Professor Martin Conway
MA DPhil Oxf, FRHistS
Professor of Contemporary European History, MacLellan-Warburg Fellow and Tutor in History, and Welfare Fellow
Academic subject(s):
History
- Core subject area: Modern European and world history.
- Teaching: European and World History from the French Revolution to the 2000s. I teach a Special Subject on France in the 1930s and the Second World War; and a Further Subject on Cold War popular culture. I supervise research students with interests predominantly in European history of the 1920s, 1930s and 1940s.

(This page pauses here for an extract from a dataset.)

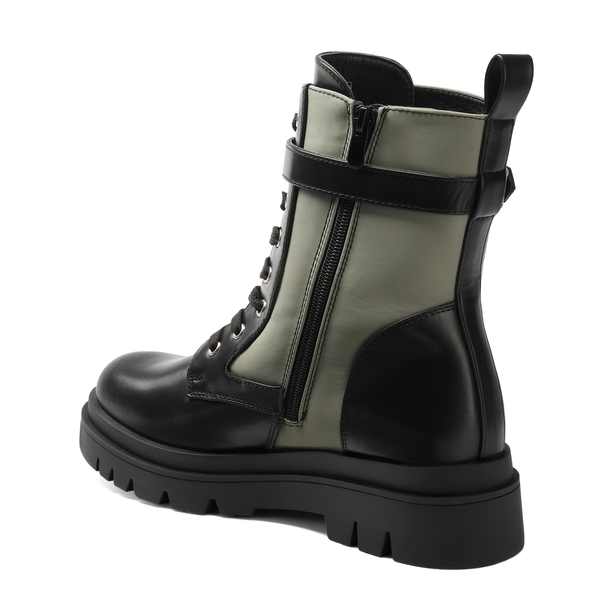 Platform Lace Up Lug Sole Combat Boots - BLACK GREEN - 4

- Research interests: I have published a number of books on the history of Belgium and on the wider history of Europe in the 20th century. My most recent book on Belgium, The Sorrows of Belgium (2012), was a study of the reconstruction and subsequent crises of the Belgian state after the Second World War. My most recent project is a collective study with colleagues of post-war periods in European history entitled Europe’s Postwar Periods – 1989, 1945, 1918 (Bloomsbury, London, 2018). I have recently completed a history of democracy in Europe after 1945, focusing on the rise, and subsequent crises, of democratic structures, practices and ideas in Europe, Western Europe’s Democratic Age 1945–1968 (Princeton University Press, 2020), which I have written about in an article, ‘Does Democracy Have a History?’.